Jurisprudência em Destaque

STJ. 4ª T. Execução. Hipoteca. Ônus hipotecário. Pedido de preferência. Penhora não registrada. Alegação de fraude à execução. Inexistência de inscrição da penhora. Boa-fé presumida do credor hipotecário. Violação dos arts. 167, 169 e 240 da Lei 6.015/1973. CPC, arts. 593, 659, § 4º, 709 e 711. Hipótese anterior à Lei 8.953/1994. Considerações do Min. João Otávio de Noronha sobre o tema.

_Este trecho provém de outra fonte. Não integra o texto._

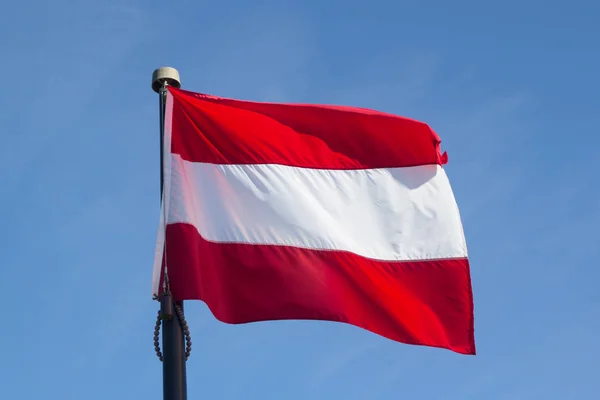 바람이 푸른 하늘에 대 한 오스트리아의 국기 — 스톡 사진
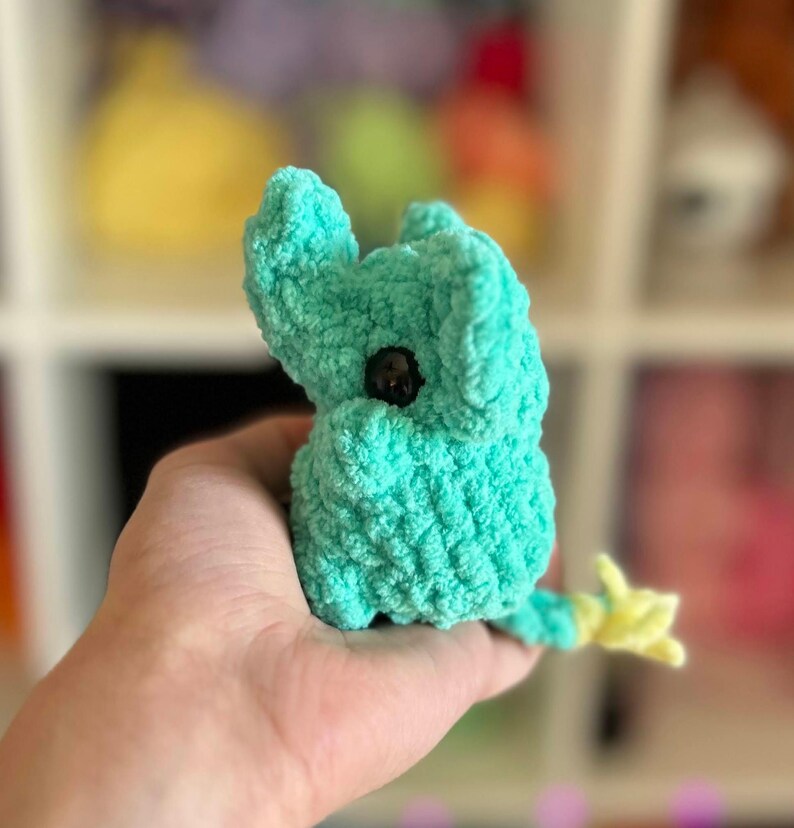 May include: A small, crocheted turquoise elephant toy with a yellow tail. The elephant has a black button eye.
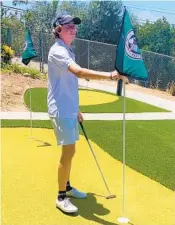  ?? RIVERA FAMILY ?? Priest James Rivera, 16, on the new putting green he designed at UCSD Health’s Bannister Family House.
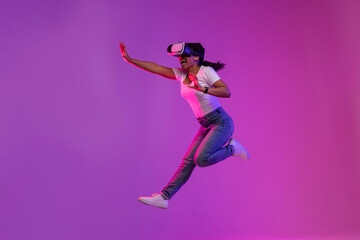 Excited Black Woman Wearing VR Glasses Jumping In Air In Neon Light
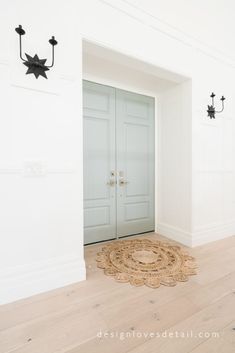 an empty room with two doors and a rug on the floor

Precedentes do STJ. Súmula 375/STJ. CCB, arts. 759 e 1.557.

Postado por Emilio Sabatovski em 23/07/2012
... Fernando Antônio de Oliveira Alves ajuizou ação de execução em desfavor de Luiz Edésio Cavenaghi, na qual foi realizada penhora sobre bem imóvel em setembro de 1992. Contudo, em 3 de dezembro de 1993 (mais de um ano depois), o executado ofertou o bem penhorado em garantia à CEF, gravando-o com ônus hipotecário.

Em razão disso, a CEF, em março de 1995, aviou petição ao juízo da execução, requerendo preferência sobre o fruto da venda judicial do bem penhorado, fundando seu pedido nos artigos 759 e 1.557 do Código Civil de 1916 (vigente à época).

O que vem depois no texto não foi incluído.